▶ Dataset extract
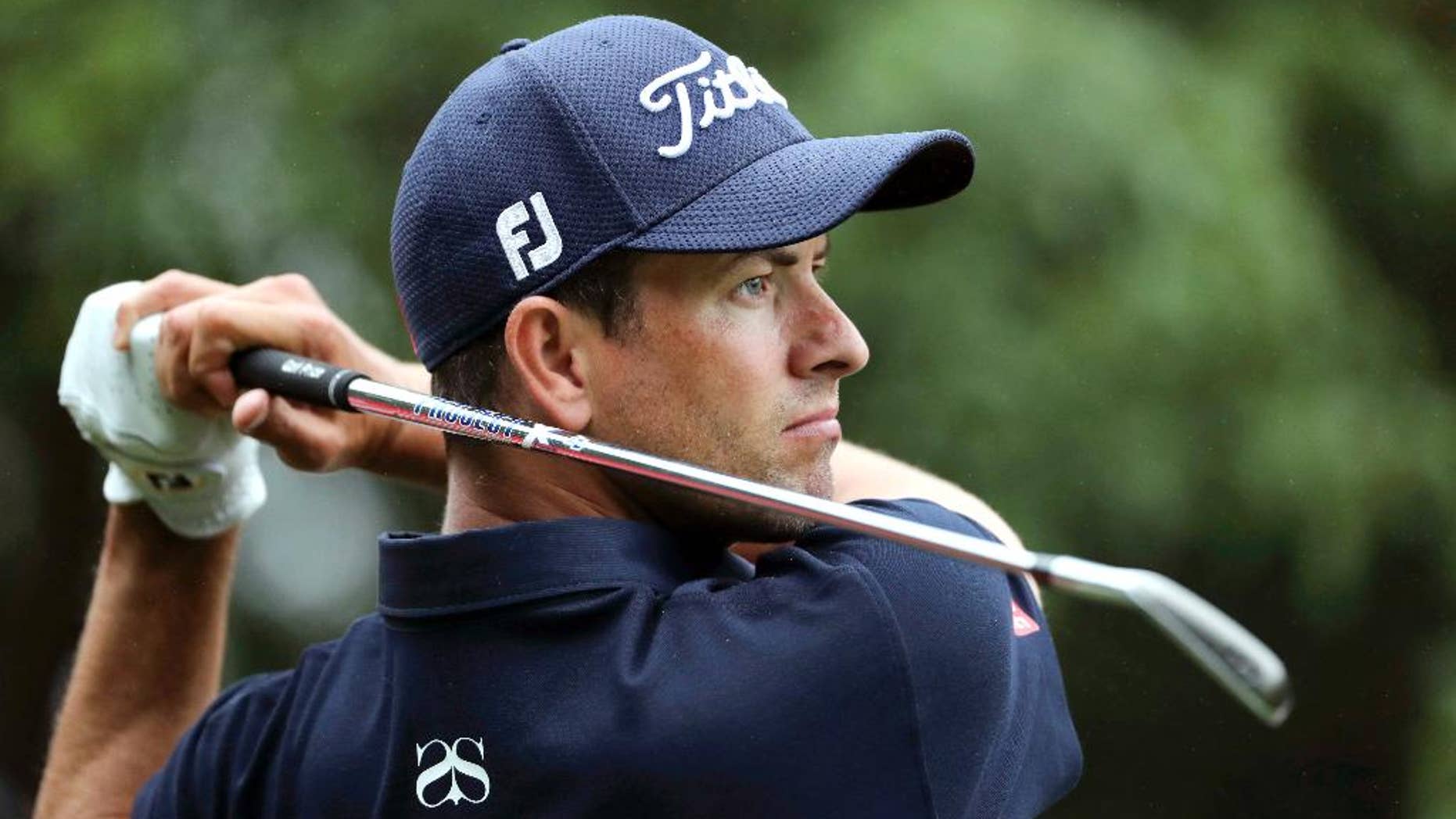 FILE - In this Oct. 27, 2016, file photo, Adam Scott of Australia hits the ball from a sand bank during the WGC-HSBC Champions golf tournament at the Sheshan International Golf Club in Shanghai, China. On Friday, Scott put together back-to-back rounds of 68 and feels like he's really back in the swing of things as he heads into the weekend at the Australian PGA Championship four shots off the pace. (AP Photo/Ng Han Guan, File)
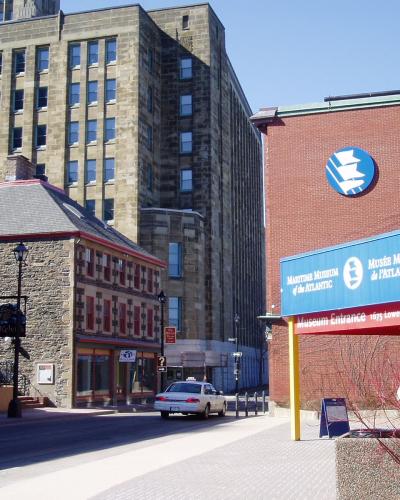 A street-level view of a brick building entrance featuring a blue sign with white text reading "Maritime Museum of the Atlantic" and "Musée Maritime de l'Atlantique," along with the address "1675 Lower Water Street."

==

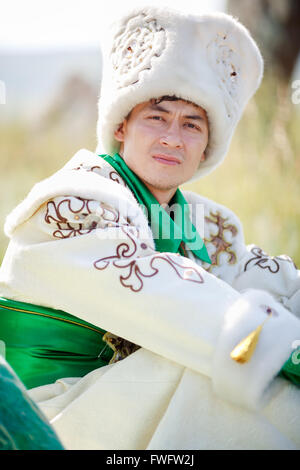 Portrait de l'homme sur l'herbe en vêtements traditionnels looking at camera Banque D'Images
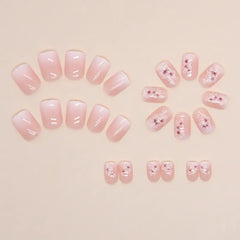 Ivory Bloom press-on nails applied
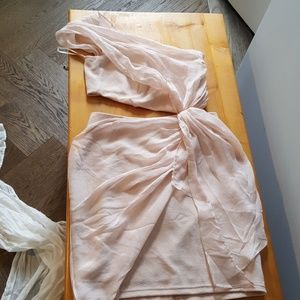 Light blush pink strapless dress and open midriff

---

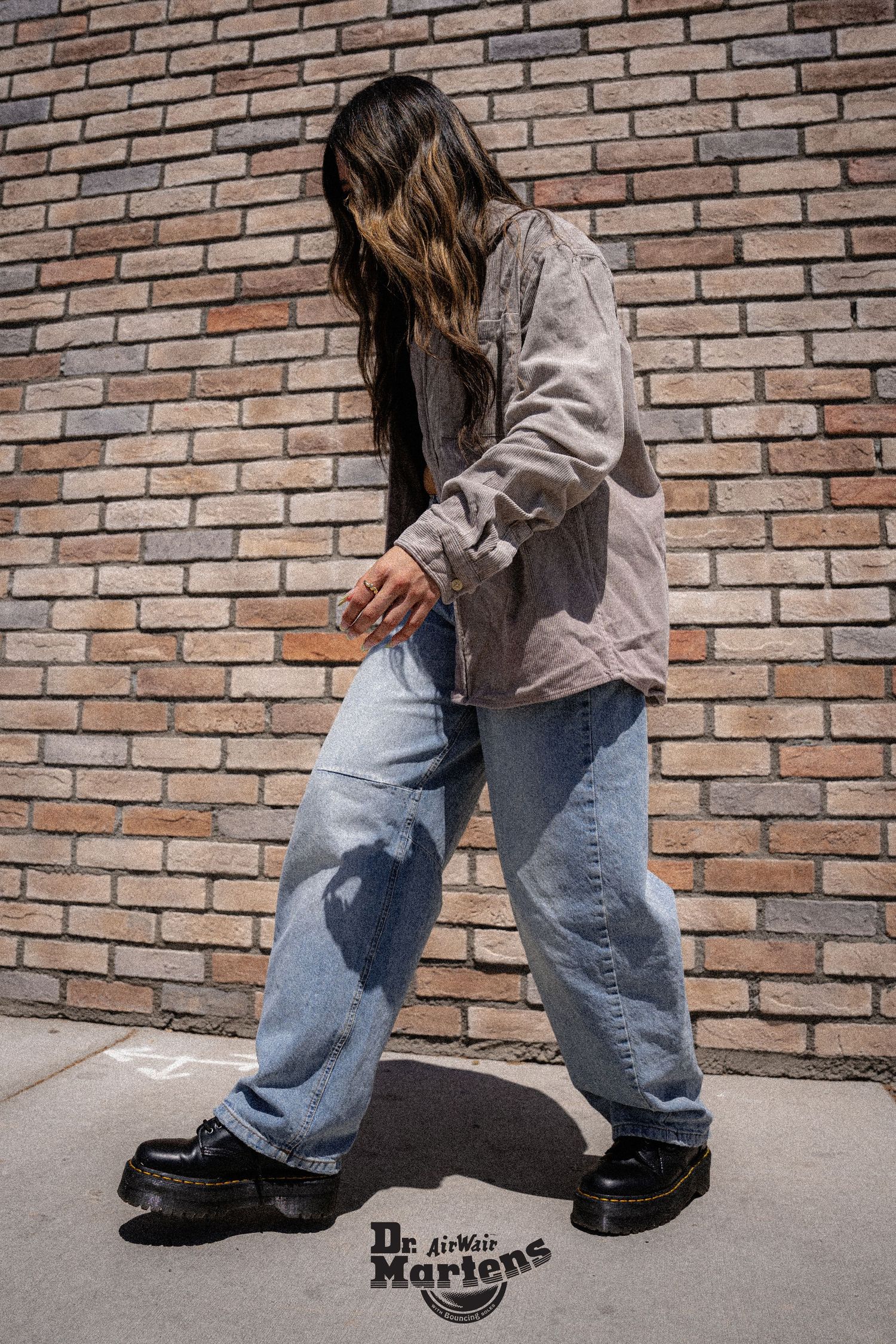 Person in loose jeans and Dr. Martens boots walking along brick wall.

▶ Exercise requirements
Return only the part above that opens with the line containing "Portrait de l'homme" and closes with the line containing "Light blush pink", exactly and with both ends, skipping the pictures.

▶ Solution to the problem
 Portrait de l'homme sur l'herbe en vêtements traditionnels looking at camera Banque D'Images
 Ivory Bloom press-on nails applied
 Light blush pink strapless dress and open midriff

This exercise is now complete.